For those of you who wish to contribute birth data to my research, please enter your information to my medical astrology research listed on my home page. This research is explicitly dealing with cancer and mental health – addiction illness. The focus is on early diagnosis and preventative medicine.
I want to stress how important it is to submit complete and accurate birth data – the time and place of birth.
The following are our 'Dear Eugenia' letters archive:
Dear Eugenia,
I am now in a love triangle. I tried to commit suicide but that didn't solve the problem. Please help me. You will be saving a life.
I had a happy family. Things changed when I met another man. He was single at that time and we fell in love quickly. Since I had a husband, I couldn't promise to marry him. One day, he told me that he had married a girl living in China. He went to China to meet this girl after seeing her photo and they got married. I was not informed until he came back to Taiwan. He apologized and explained that he did it for his family because he needed to pass on the generations. He cried and begged me to forgive him and asked me to wait for him for three years. He said that after their first child was born, no matter boy or girl, he would leave her. I promised and separated with my husband. After I have divorced, his daughter was born. But he said that his wife wanted to try for a boy. His attitude becomes cooler and cooler. He seldom contacts me. I discovered that he was tender and gentle to his wife. If I ask him, he will be rude to me. I beg him but he doesn't care for me any more.

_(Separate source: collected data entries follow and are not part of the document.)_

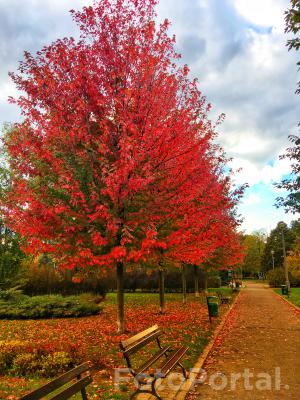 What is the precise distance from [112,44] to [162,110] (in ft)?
7.67

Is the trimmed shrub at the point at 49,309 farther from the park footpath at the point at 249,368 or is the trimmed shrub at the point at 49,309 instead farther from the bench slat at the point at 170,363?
the bench slat at the point at 170,363

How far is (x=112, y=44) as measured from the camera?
32.8 feet

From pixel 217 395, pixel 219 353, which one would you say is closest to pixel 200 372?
pixel 217 395

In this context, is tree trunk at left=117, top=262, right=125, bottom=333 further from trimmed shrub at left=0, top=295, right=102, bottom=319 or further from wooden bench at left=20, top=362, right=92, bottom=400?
wooden bench at left=20, top=362, right=92, bottom=400

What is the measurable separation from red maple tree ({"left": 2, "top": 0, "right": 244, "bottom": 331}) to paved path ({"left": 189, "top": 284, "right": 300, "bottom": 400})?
313 cm

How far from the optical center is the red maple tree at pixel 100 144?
29.8 ft

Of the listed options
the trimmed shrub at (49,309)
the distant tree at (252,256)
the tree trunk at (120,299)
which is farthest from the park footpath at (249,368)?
the distant tree at (252,256)

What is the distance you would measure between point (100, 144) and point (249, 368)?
6034mm

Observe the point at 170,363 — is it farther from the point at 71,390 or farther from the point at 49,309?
the point at 49,309

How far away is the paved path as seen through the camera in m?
5.96

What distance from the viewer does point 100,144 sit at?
29.1ft

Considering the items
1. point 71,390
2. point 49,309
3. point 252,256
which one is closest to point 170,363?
point 71,390

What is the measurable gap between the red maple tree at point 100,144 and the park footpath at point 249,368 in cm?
308

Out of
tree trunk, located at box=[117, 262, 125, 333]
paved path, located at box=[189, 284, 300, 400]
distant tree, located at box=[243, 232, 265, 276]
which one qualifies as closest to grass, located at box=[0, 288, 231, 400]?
tree trunk, located at box=[117, 262, 125, 333]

May I ask you a few questions:
1. Is he in love with his wife?
2. Who match him better? Me or his wife?
3. Will he be divorced in 2003 as he promised?
4. Will they have another baby?
5. I think they will be divorced in 2005-2006, do you think so?
6. Will we get together after his divorce?
7. Will we break up this year?
My dob: Aug 13, 1956 at 10:30am.
His dob: January 2, 1955 at 6:03pm.
His wife's dob: January 16, 1966 at 12 -13:00.
Please tell me the truth.
Desperate
Dear Desperate
I believe what has happened here is that your Capricorn man fully intended to do what he planned but didn't expect to fall in love with his wife in the process. Although you do match up to him well he does match up to his wife even better. In answer to your questions.
1. Yes he does love his wife
2. She matches up better
3. I do not believe that he will divorce her
4. Yes I believe that they will have another baby
5. I do not think so
6. I do not believe so
7. I think that you have probably are already broken up in his mind
Now back to you and what you should be doing. You are in a high cycle regarding love and romance over the course of the next year. I believe that you should be out meeting new people and getting on with your life. He may make an attempt to come back to you should he see that you are falling in love with someone else but even if he does he will not stay. You match up well to those born under the signs Aries, Cancer, Leo, Libra, Capricorn and Pisces. Please don't sit around and wait for this man. You are a victim of circumstance and you must move on.
Eugenia
Dear Eugenia,
I am suffering from a relationship and I feel the pain deep in my heart. I beg you, help me and give me advice.I was born on March 7, 1961 -A Pisces. He was born in November 21, 1952, a Scorpio.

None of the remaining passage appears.